→ **Data extract**:
^^^^

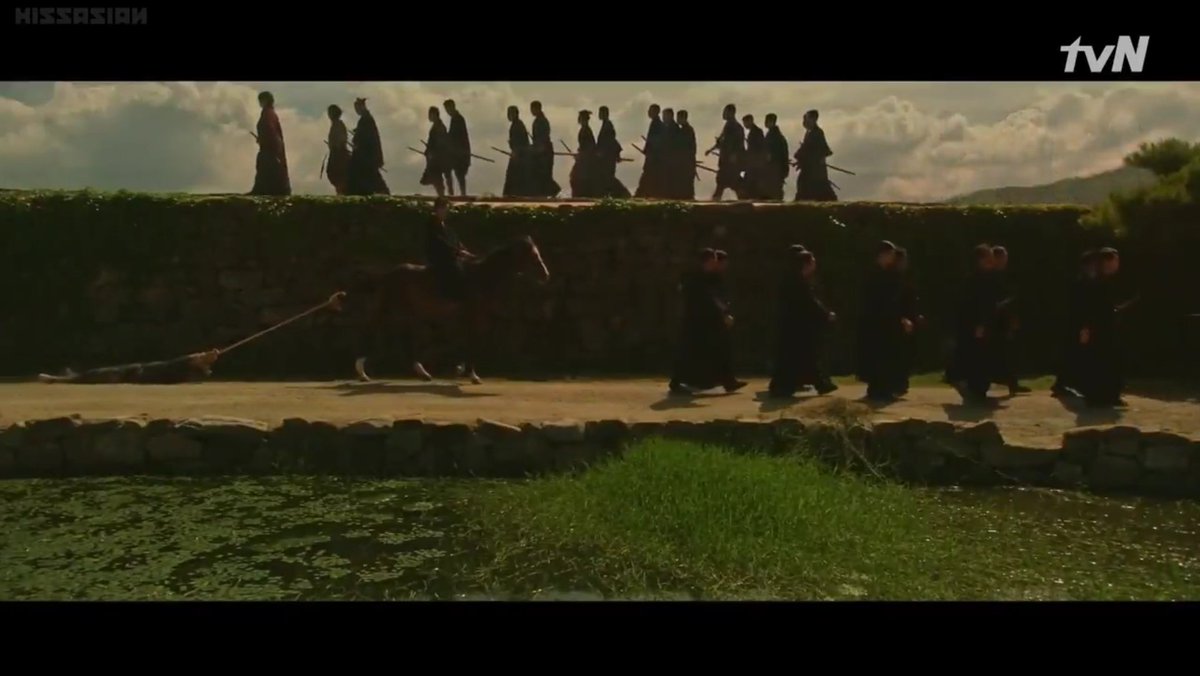 MrSunshinePH18's tweet photo. Tapos lumingon siya sandali sa ep 3 (first appearance ni Dongmae) tapos sa last ep na namatay siya pala yung premonition na yun

dUDE MINDBLOWING EXECUTION
#MrSunshine
#MRSThankYouEugene https://t.co/FQrOaQUPJr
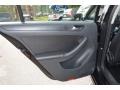 Black - Jetta SE Sedan Photo No. 10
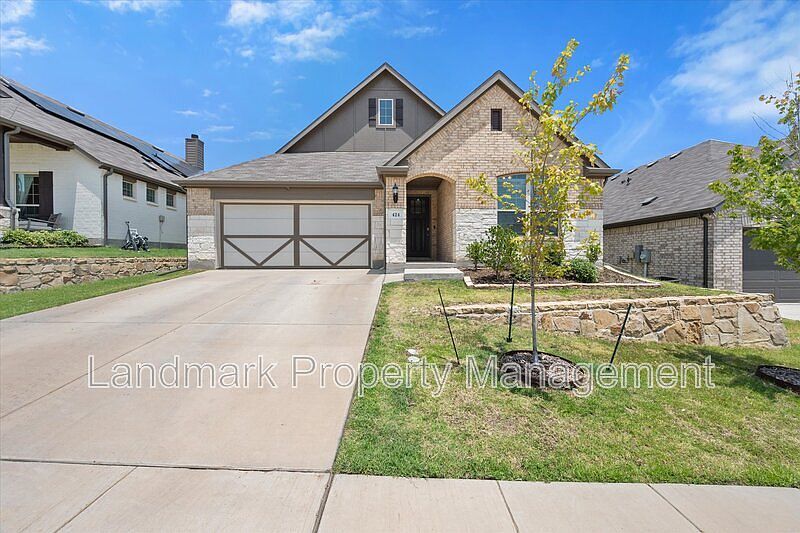 1st image of 424 Pheasant Hill Ln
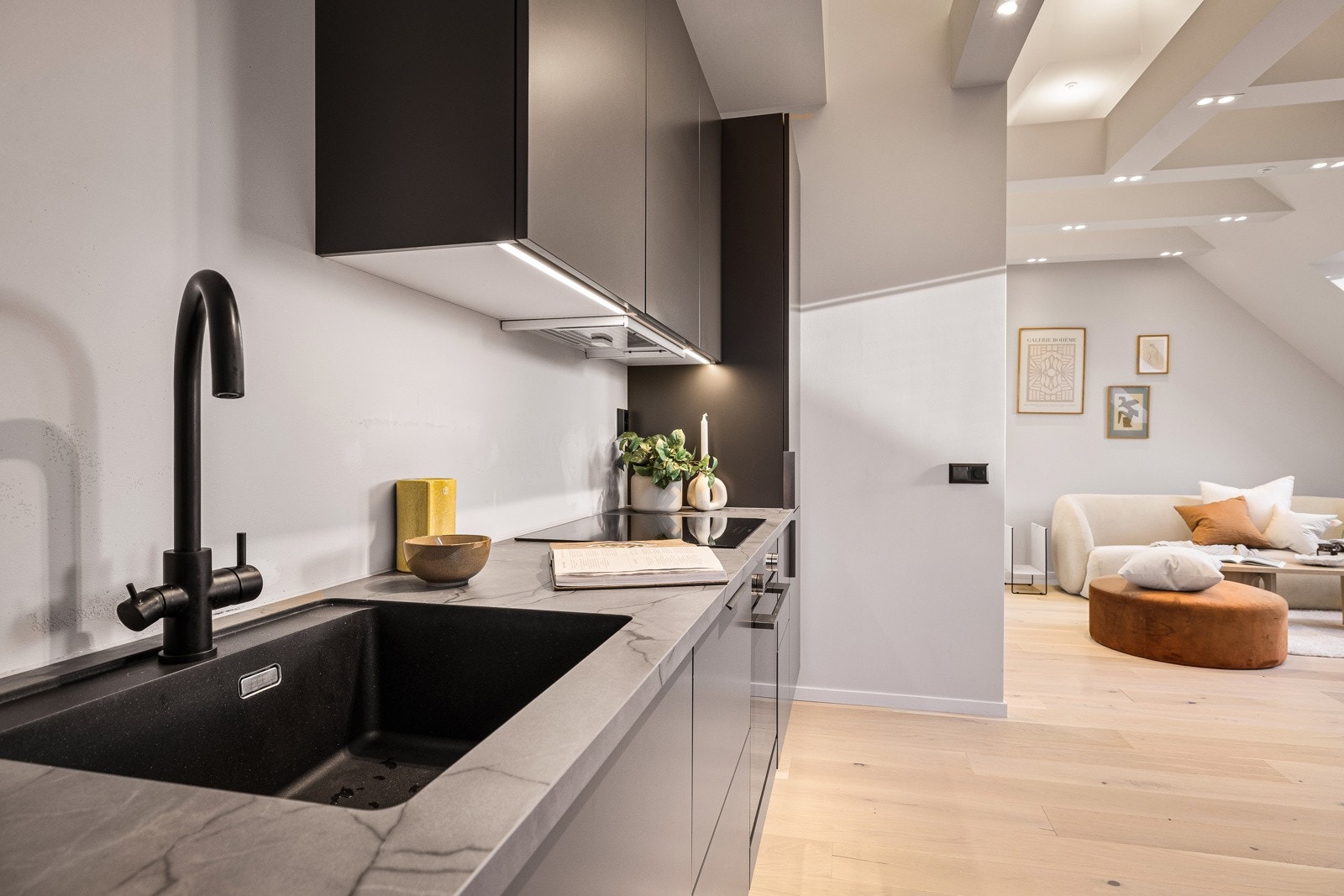 - Under overskapene er det integrert led-belysning - Galleribilde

^^^^

Could each line of the data be written out exactly, with no pictures included?

 MrSunshinePH18's tweet photo. Tapos lumingon siya sandali sa ep 3 (first appearance ni Dongmae) tapos sa last ep na namatay siya pala yung premonition na yun

dUDE MINDBLOWING EXECUTION
#MrSunshine
#MRSThankYouEugene https://t.co/FQrOaQUPJr
 Black - Jetta SE Sedan Photo No. 10
 1st image of 424 Pheasant Hill Ln
 - Under overskapene er det integrert led-belysning - Galleribilde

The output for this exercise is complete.